= Dave Gould =

American choreographer (1899–1969)

Dave Gould

Dave Gould (born Dezső Guttmann; March 11, 1899 – June 3, 1969) was a Hungarian-American choreographer and dance director. He is notable as one of the three people to win the short-lived Academy Award for Best Dance Direction.

==Early life==
He was born to a Jewish family in Kiscigánd, formerly in Austro-Hungarian Empire, now in Hungary. In 1923 it merged with Nagycigánd under the name of Cigánd. At the time of his birth, his father was living in New York, and in 1904, he emigrated to America with his mother.

==Career==
Gould began his career as a Broadway stage choreographer.

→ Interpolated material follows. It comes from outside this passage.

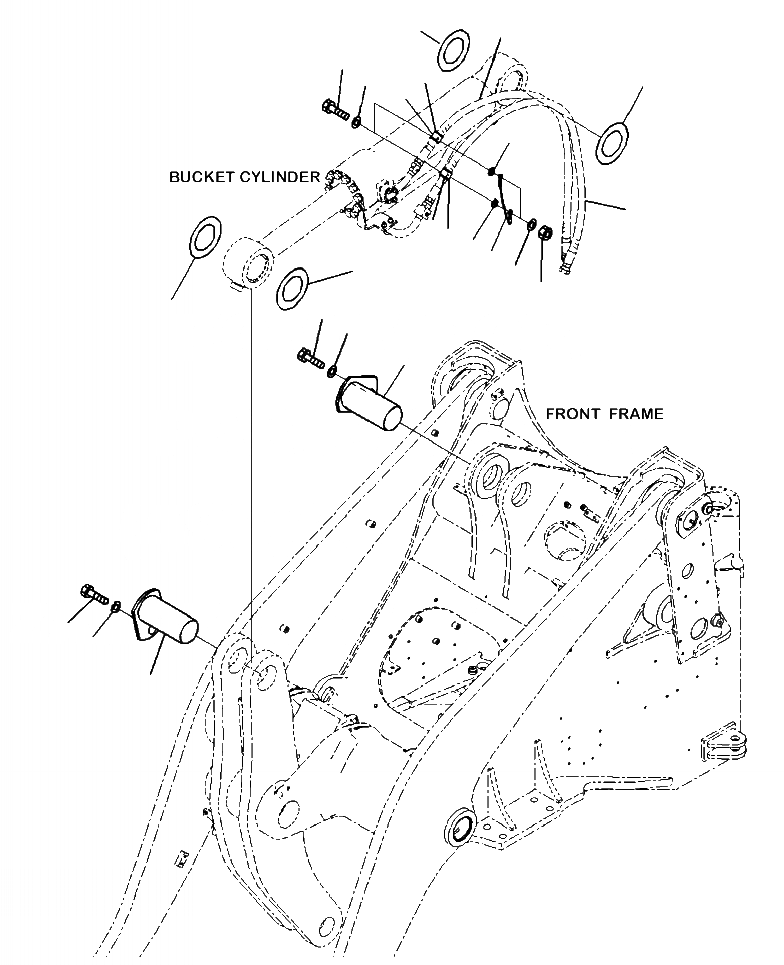 Схема запчастей Komatsu WA380-7 - T-A ЦИЛИНДР КОВША ПАЛЕЦS РАБОЧЕЕ ОБОРУДОВАНИЕ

He won an Academy Award for Dance Direction in 1936 for the “Straw Hat” finale of Folies Bergère de Paris and Broadway Melody's I've Got a Feeling You're Fooling. featuring Maurice Chevalier, Ann Sothern, and Merle Oberon. He was nominated for the remaining two years that the award was given. Gould was an "influential contributor to the use of dance in the MGM musical, however with a lack of training and breadth of knowledge in the dance vocabularies, [his] contribution is easily lost... His work centered on background framing ensuring that focus is not lost from the star of the film." After his early successes, he found work in smaller studios until his retirement. In the 1940s he largely directed short films. He was credited with 39 films as a choreographer and 28 as a director of short films

===Selected films===
====Choreographer====
- 1932: The Subway Symphony
- 1934: Three on a Honeymoon
- 1935: Folies-Bergère de Paris
- 1937: A Day at the Races (film)
- 1939: Everything's on Ice
- 1940: The Boys from Syracuse (film)
- 1942: Youth on Parade
- 1944: Casanova in Burlesque
- 1949: Fireball Fun for All

====Director====
- 1942: Rhythm Parade
- 1944: Yankee Doodle Daughters
- 1945: Here Come the Navy Bands
- 1946: Baby, Are You Kiddin’?
- 1946: Roly Poly
- 1946: Old Chisholm Trail
- 1946: All in Favor Say Aye

==Personal==
Gould married show girl Mitzi Haynes on April 18, 1937.; they divorced in 1939.